Although both Sanders and Clinton’s plans will face stiff opposition in the Republican-controlled Congress, they have the public on their side after a number of similar instances where companies have steeply increased drug prices.

Rodelis Therapeutics raised the price of cycloserine for tuberculosis to $10,000 for 30 capsules after it acquired the drug. The company recently gave the drug back to its previous owner, the nonprofit Chao Center affiliated with Purdue University.

While the price of the drug has gone back down, at $1050 for 30 capsules, cycloserine will still cost double its original price, Pharmacy Times reported.

In 2012, Peter B. Bach, MD, MAPP; Leonard B. Saltz, MD; and Robert E. Wittes, MD, all with Memorial Sloan-Kettering Cancer Center, wrote a scathing review of Sanofi’s cancer drug Zaltrap. They explained that center had decided to no longer give the drug to its patients because of its exorbitant price tag—$11,063 for a month of treatment—and the fact that the drug is no better than a similar medicine for advanced colorectal cancer.

Since then, Sanofi has decided to offer a 50% discount to institutions, but the price of Zaltrap still makes it more expensive than its competitor, Avastin.

In another instance where a company caved under public pressure, KV Pharmaceuticals’ slashed the price of pre-term labor drug Makena after protests.

When the company began selling the treatment, the price was $1500 per dose, or $30,000 per patient for the full round. However, compounding pharmacies were already producing the drug for far less: $10 to $20 per dose.
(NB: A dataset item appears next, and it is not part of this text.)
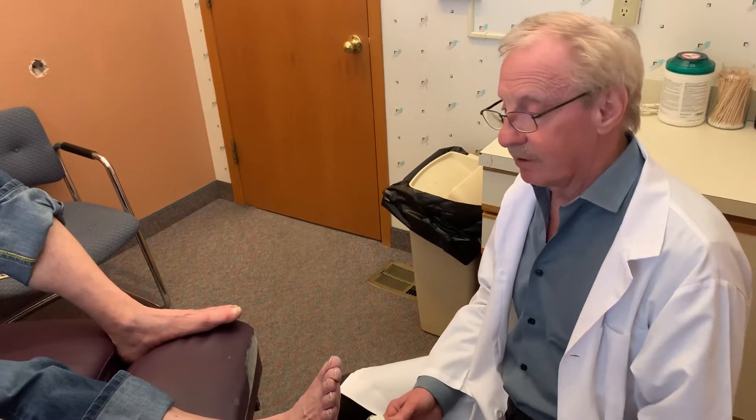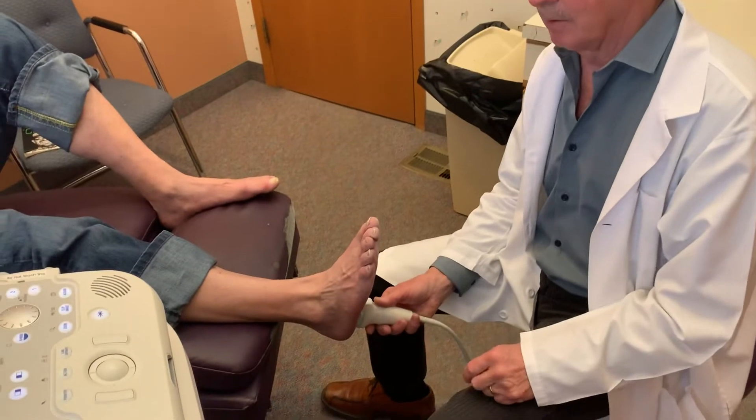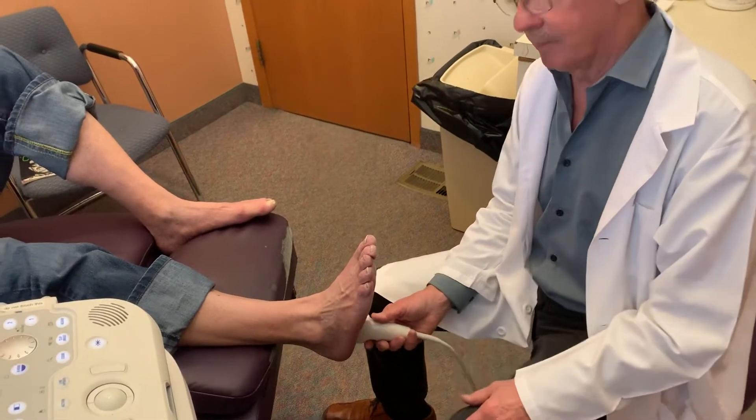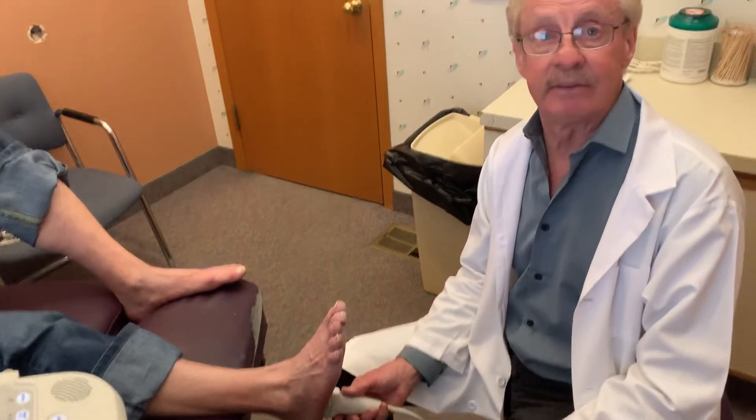Because most people come in, their fascia is going to be pretty thick — thicker than it should be — which is about a four millimeter thickness where the fascia attaches to the heel. So, for instance, if it's maybe eight millimeters thick and we do our Regenerative Medicine treatment, it'll sometimes go down from eight to seven, or eight to six.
FDA Won't Take Action on Compounding Versions of KV Pharma's $KV.A $KV-A Makena; Shares Sink

— Streetinsider.com (@Street_Insider) March 30, 2011

After some accused the company of price gouging, the FDA announced it would allow compounders to continue making the drug. KV Pharmaceuticals decreased the price of Makena twice, but still ended up filing for Chapter 11 bankruptcy.
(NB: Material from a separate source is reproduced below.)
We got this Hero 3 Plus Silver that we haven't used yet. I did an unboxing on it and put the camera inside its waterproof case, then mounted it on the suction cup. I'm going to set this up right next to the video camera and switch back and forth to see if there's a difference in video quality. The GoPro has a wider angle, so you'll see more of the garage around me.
Bowing to pressure, KV cutting Makena list price to $690 per shot from around $1,500. Will that be enough? $KV.A

— Scott Hensley (@scotthensley) April 1, 2011

Not all instances of drug price hikes have resulted in cost decreases.
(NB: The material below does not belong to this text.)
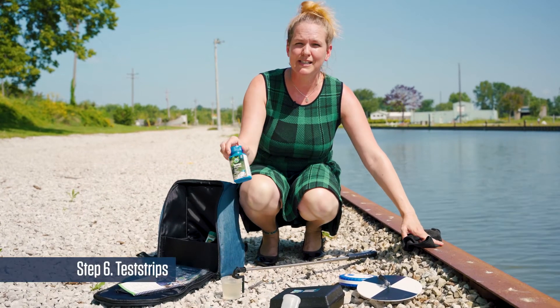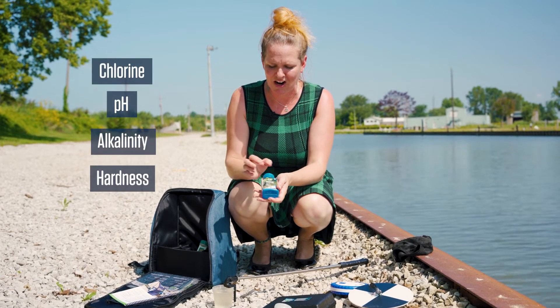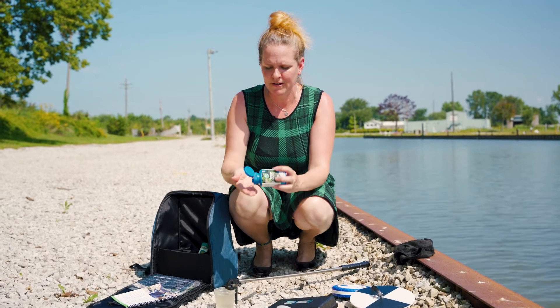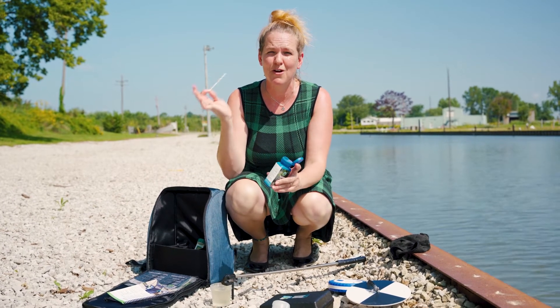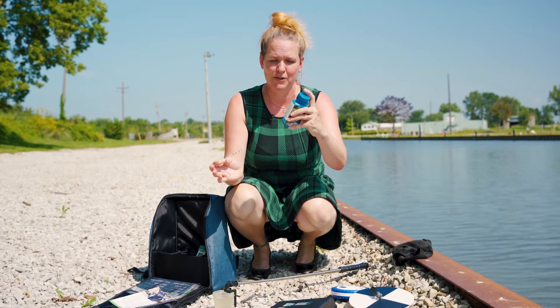Next, we're going to use our test strips, which measure chlorine, pH, alkalinity, and hardness. You're going to compare the colors on the back of the container. Open up your container and shake one out. It's very important that you have dry hands for this — any moisture that gets into the container is going to ruin the rest of the strips.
HHS’ Office of Inspector General is still investigating skyrocketing drug prices, including the jump from $20 for a 500-count bottle of 100 mg doxycycline tablets to $1849.

Horizon Pharma acquired the drug from AstraZeneca in 2013, and on January 1, 2014, Horizon increased the price 595% to $959.04 for 60 tablets. At the beginning of 2015, the price increased to $1678.32 (up another 75%), and CVS Caremark and Express Scripts decided not to include Vimovo on their preferred formularies.

To bring this full circle, the Daraprim debacle is not the first time Turing CEO Shkreli has hiked the price of an old drug.

As CEO of Retrophin, he raised the price of an old kidney drug from $1.50 per tablet to $30 per tablet—a 2000% increase. With patients taking the pill several times a day, the monthly cost quickly added up, FiercePharma reported.